Extract r^2 from multiple models in plyr


I am hoping to efficiently combine my regressions using plyr functions. I have data frames with monthly data for multiple years in format yDDDD (so y2014, y2013, etc.)

Right now, I have the below code for one of those dfs, y2014. I am running the regressions by month, as desired within each year.

modelsm2= by(y2014,y2014$Date,function(x) lm(y~,data=x))
summarym2=lapply(modelsm2,summary)
coefficientsm2=lapply(modelsm2,coef)
coefsm2v2=ldply(modelsm2,coef) #to get the coefficients into an exportable df

I have several things I'd like to do and I would really appreciate your help!

A. Extract the r^2 for each model. I know that for one model, you can do summary(model)$r.squared to get it, but I have not had luck with my construct.

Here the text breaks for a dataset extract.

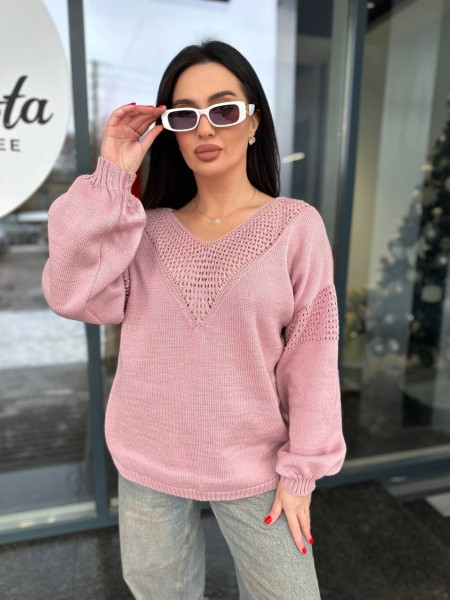 Легкий жіночий светр із вирізом пудрового кольору 31730
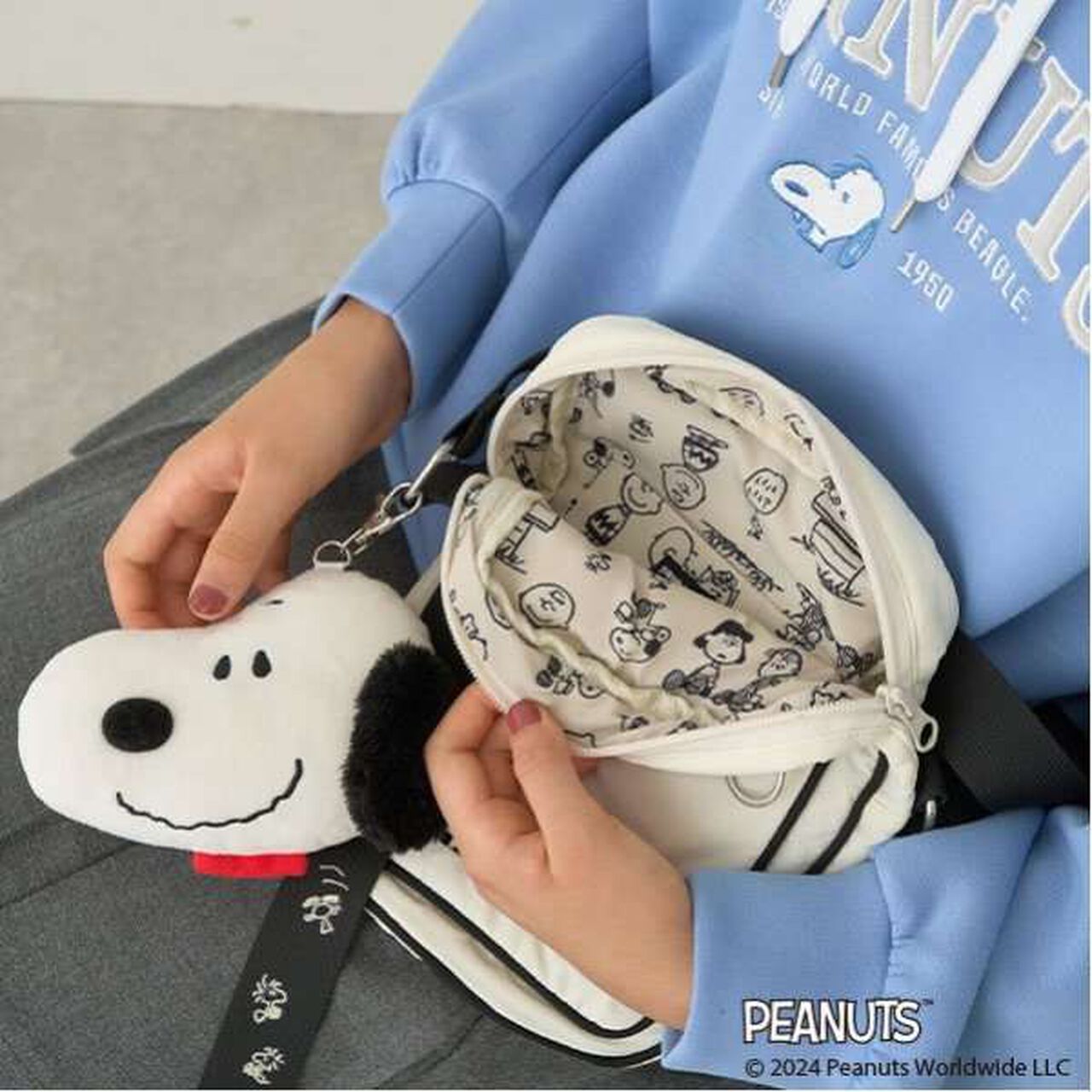 [PEANUTS] Mini Shoulder Bag with Mascot Card Holder,Black, large image number 6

B. Apply the same methodology in a loop-type structure to get the models to run for all of my data frames (y2013 and backwards)

C. Get the summary into an easily exportable (to Excel) format --> the ldply function does not work for the summaries.

Thanks again.


Solution

  • A. You need to subset out the r.squared values from your summaries:

    lapply(summarym2,"[[","r.squared")
    

    B. Put all your data into a list, and put another lapply around it, eg:

    lapply(list(y2014,y2013,y2012), function(dat)
                                       by(dat,dat$Date, function(x) lm(y~.,data=x))
          )
    

    You will then have a list of lists so for instance to extract the summaries, you would use:

    lapply(lmlist,lapply,summary)
    

    C. summary returns a fairly complex data structure that cannot be coerced into a data.frame. The result you see is a consequence of the print method for it. You can use capture.output to get a charactor vector of each line of the output that you may use to write to a file.